I'm not surprised, the data dump was an ugly mess of inconsistently encoded data in inconsistent formats with "delimiters" that often appear in the data itself.
Cleaning that up is a serious effort and requires operations on huge files that are very difficult for most software to deal with.
I don't understand how a serious effort would be required, even if the chosen delimiter being present within the data is an issue, the phone number is the first field.
I can get all the phone numbers myself with a simple `cat * | cut -d ":" -f 1`
That's the ID number you just grabbed. The phone number is the second field :)
If that's literally all you want, yes, it's not that hard. But a non-trivial number of people decided to put commas or colons in their names and other nonsense like that, there are lots of commas in the hometown or location fields which makes parsing those a pain, etc.

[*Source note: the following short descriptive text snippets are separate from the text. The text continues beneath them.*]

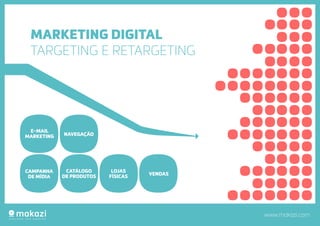 www.makazi.com
MARKETING DIGITAL
TARGETING E RETARGETING
LOJAS
FÍSICAS
E-MAIL
MARKETING
CAMPANHA
DE MÍDIA
VENDAS
NAVEGAÇÃO
CATÁLOGO
DE PRODUTOS
 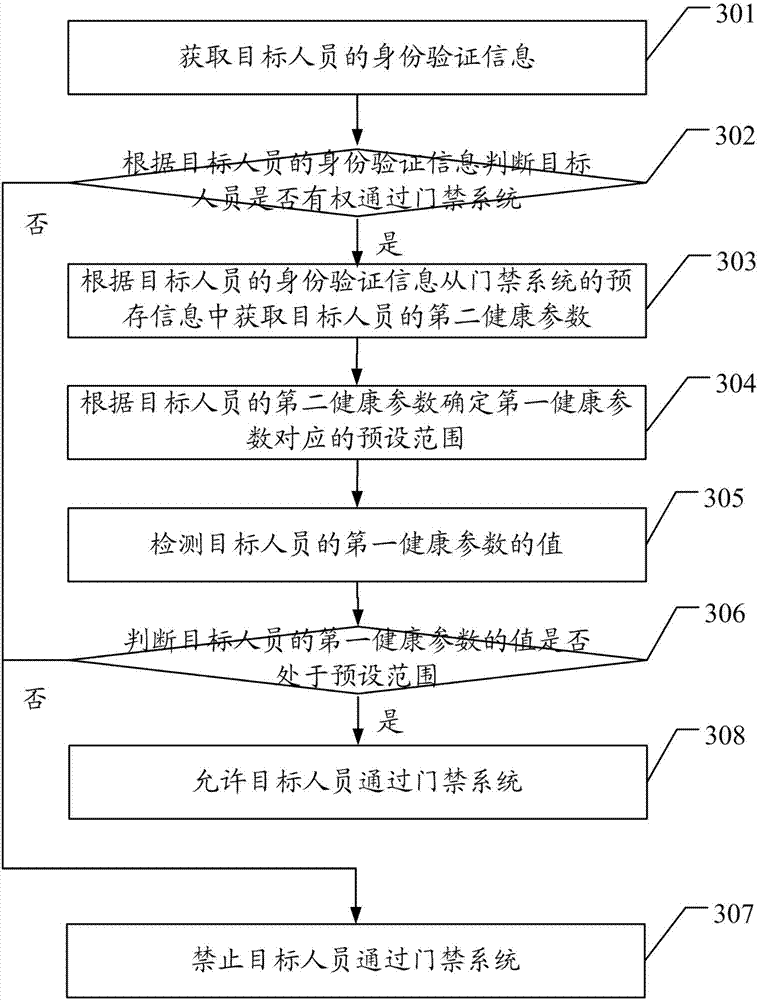 Door access control method and door access control device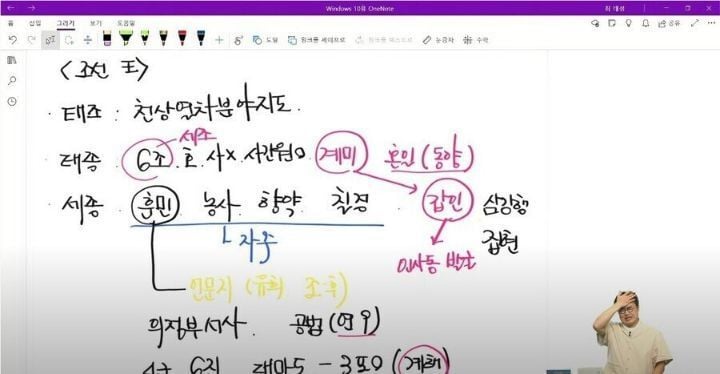 강의중 갑자기 2천명의 학생이 빠져 나가자 당황한 최태성 강사
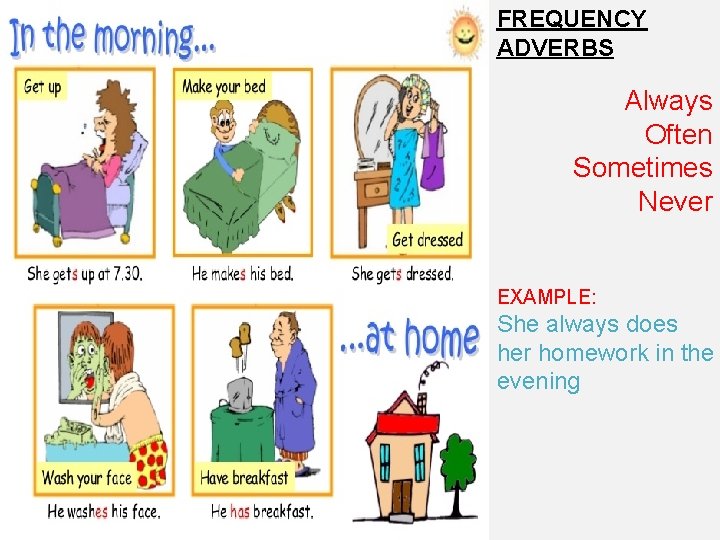 FREQUENCY ADVERBS Always Often Sometimes Never EXAMPLE: She always does her homework in the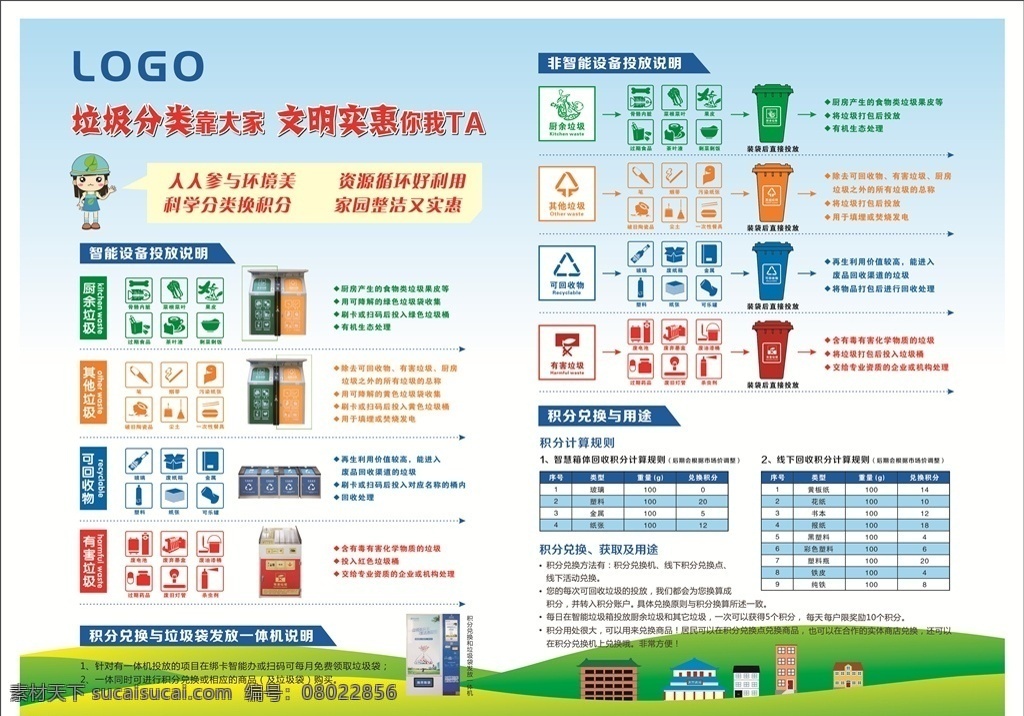 垃圾分类展板 垃圾分类标语 垃圾分类海报 垃圾分类图片 垃圾分类宣传 生活垃圾分类 可回收垃圾 城市垃圾分类 实施垃圾分类 环保展板 环保标语 回收垃圾 垃圾回收 垃圾清理 保护环境 全国卫生城市 创建文明城市 创建卫生城市 垃圾分类 室外广告设计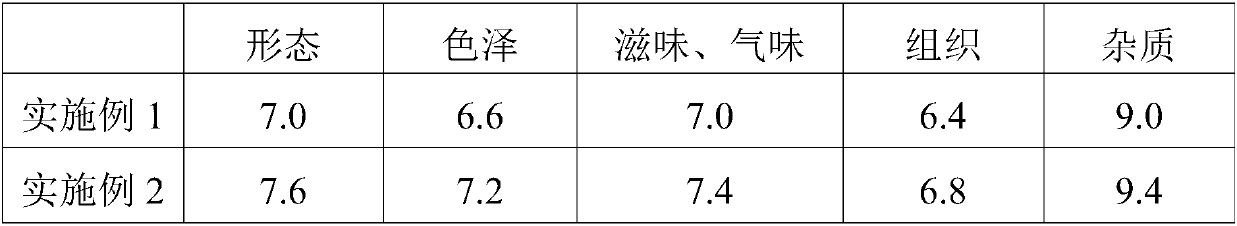 Low-fat fruit and vegetable crispy chips and processing method thereof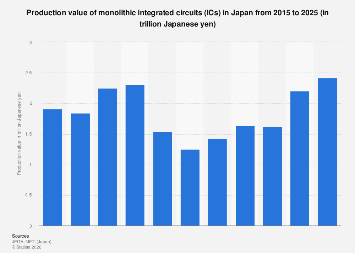 Japan: monolithic integrated circuits production value 2025| Statista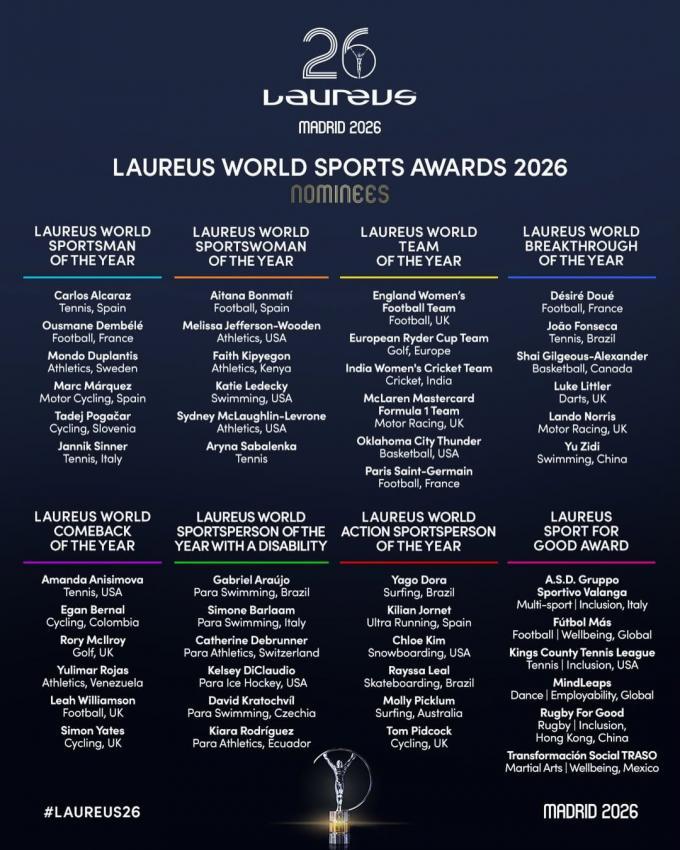 Hier ein Überblick. © Instagram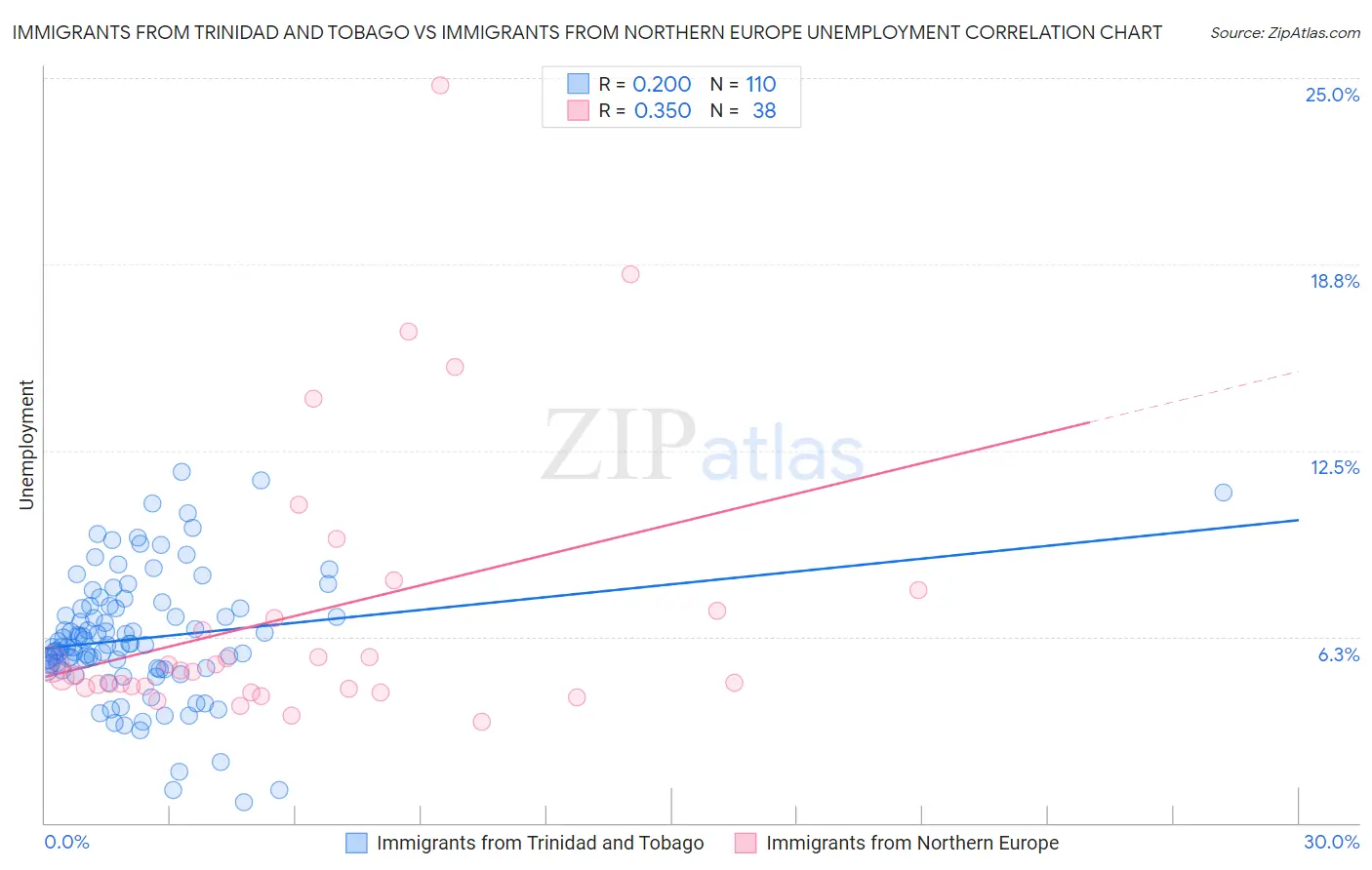 Immigrants from Trinidad and Tobago vs Immigrants from Northern Europe Unemployment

Those are what I looked at and those are super annoying because several have commas in both the first & last name. I don't know why, but a handful of people listed their names as some, guy, some, guy which I assume should be split into firstname: some, guy and lastname: some, guy. Then a lot of people have None for a birthday, some have something like May 8, and others have something like May 8, 1990. Both locale & hometown can be either None, or have several commas in them.
I had to reformat all that data and validate that each field made sense to parse it. There are helpful "Location" and "link" markers in the CSV but it's still super annoying to parse this stuff.
Also be careful, some of these docs have BOMs that screw up parsing tools (even iconv crapped out on one of the files, Qatar I think it was) and the encoding is all over the place. At least the phone number is ASCII, but the names may be UTF-8 (with or without BOM), UTF-16-le or...
If "Who can look you up using the phone number you provided?" setting wasn't set to "Everyone" in your privacy settings, then your phone number wouldn't be visible to the scraping campaign that was the source of this.
Thanks for saying this. Seems like most people have a misunderstanding of where the data came from.
To clarify: in 2019 you could enter a phone number into Facebook search and it would show you whichever profile was associated with the number of it was set to public.
The “hackers” set up a script to go through every number sequentially: 15550000000, 15550000001, etc.
I would be very surprised if the original data doesn’t contains a LOT more information —- basically everything that can be found by publicly viewing your profile page.